In Defining Inerrancy, the authors note that they have known many evangelicals who have abandoned the faith precisely because they started out with such a hardening of the categories. This rings true: I get countless emails from people who have either jettisoned their beliefs (or have friends or family members who have) because their starting presupposition was that it’s inerrancy or nothing. Such people would throw the proverbial baby out with the bathwater! And it is this very problem that one of the architects of modern evangelicalism, Carl Henry (who could hardly be condemned as being soft on inerrancy!), addressed in his book, Evangelicals in Search of Identity.
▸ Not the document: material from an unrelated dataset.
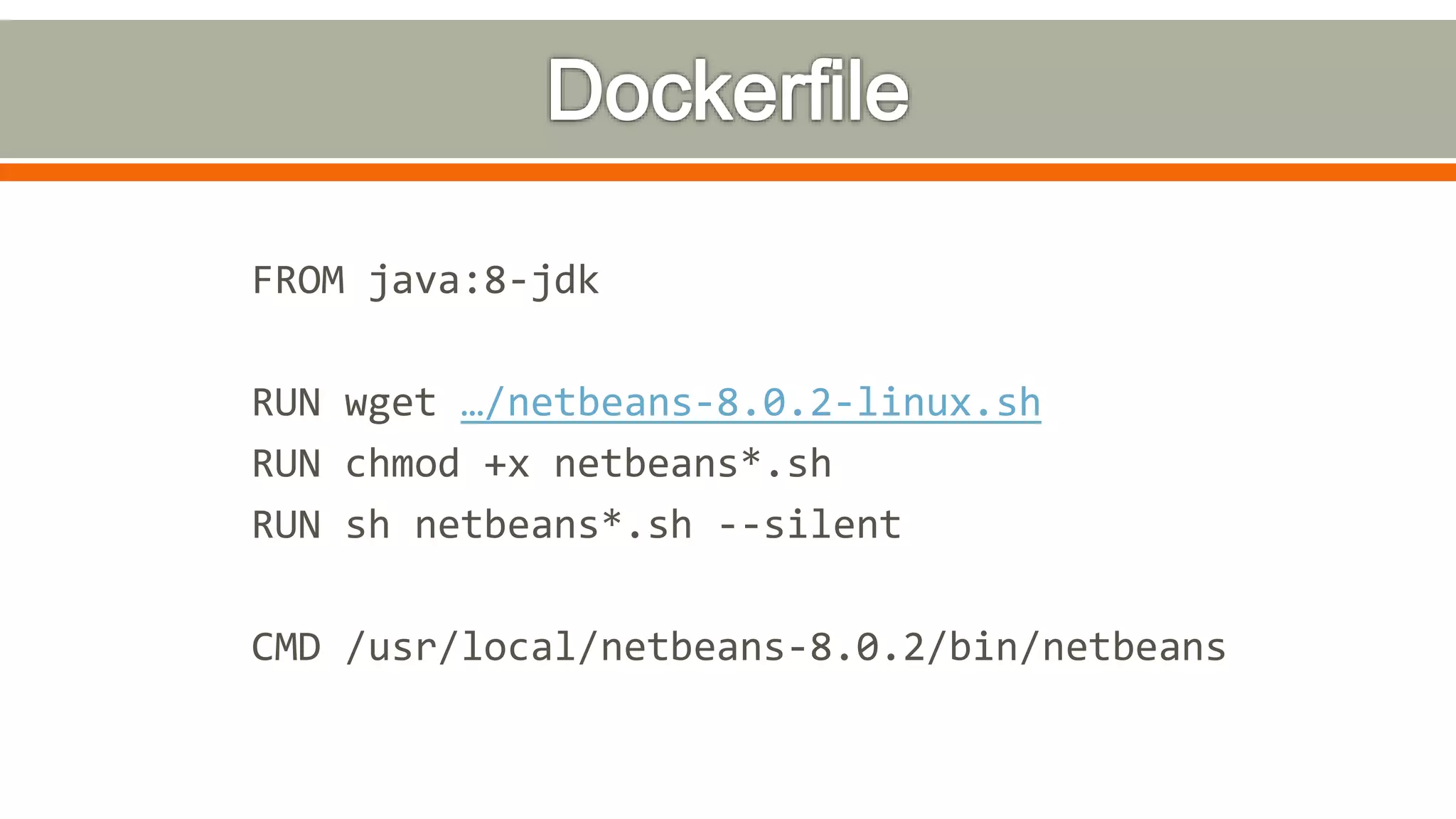 FROM java:8-jdk
RUN wget …/netbeans-8.0.2-linux.sh
RUN chmod +x netbeans*.sh
RUN sh netbeans*.sh --silent
CMD /usr/local/netbeans-8.0.2/bin/netbeans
It seems that many evangelicals are still not listening. And yet Henry saw, forty years ago, that the evangelical church was making inerrancy the litmus test of orthodoxy to its discredit. Yet again, I digress. Holding and Peters are not in the least denying inerrancy; they are simply rejecting a rigid form of it that they see as dangerous to the health of the evangelical church.
In sum, Defining Inerrancy is a book far more important than its size would indicate. It defines not only inerrancy but a yawning divide within evangelicalism. My hope is that traditionalists will not dismiss it out of hand (as they have so many treatments coming from contextualizing inerrantists), but will indeed wrestle seriously with its contents. Sadly, I’m not holding my breath.